▸ **WORK REQUEST**: Repeat the listing exactly. Do not carry over any pictures.

▸ **DATA**:
• • • • •

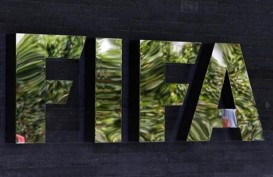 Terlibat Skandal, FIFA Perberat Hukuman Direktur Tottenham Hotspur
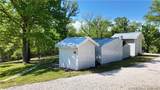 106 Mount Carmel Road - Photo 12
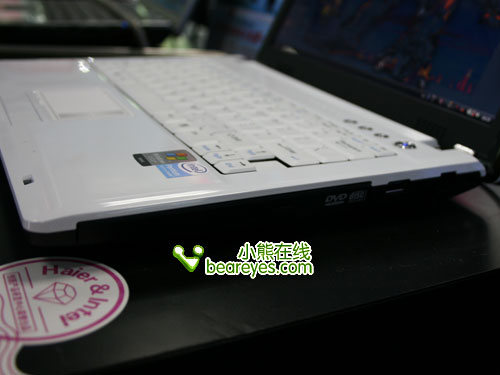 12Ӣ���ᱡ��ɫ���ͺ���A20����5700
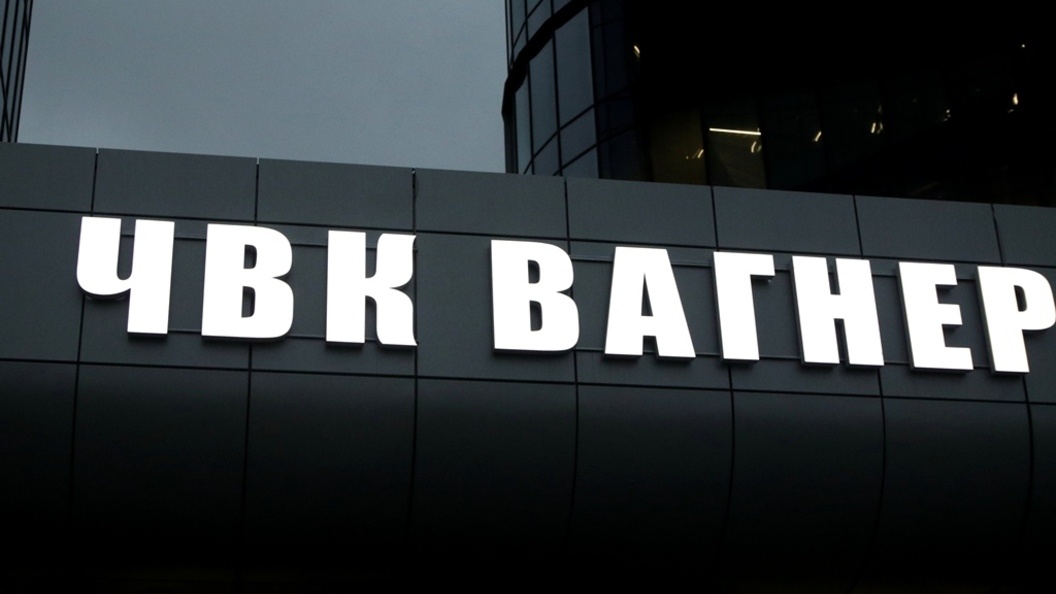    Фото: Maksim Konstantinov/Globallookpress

• • • • •

▸ **OUTPUT FOR THIS TASK**:
 Terlibat Skandal, FIFA Perberat Hukuman Direktur Tottenham Hotspur
 106 Mount Carmel Road - Photo 12
 12Ӣ���ᱡ��ɫ���ͺ���A20����5700
    Фото: Maksim Konstantinov/Globallookpress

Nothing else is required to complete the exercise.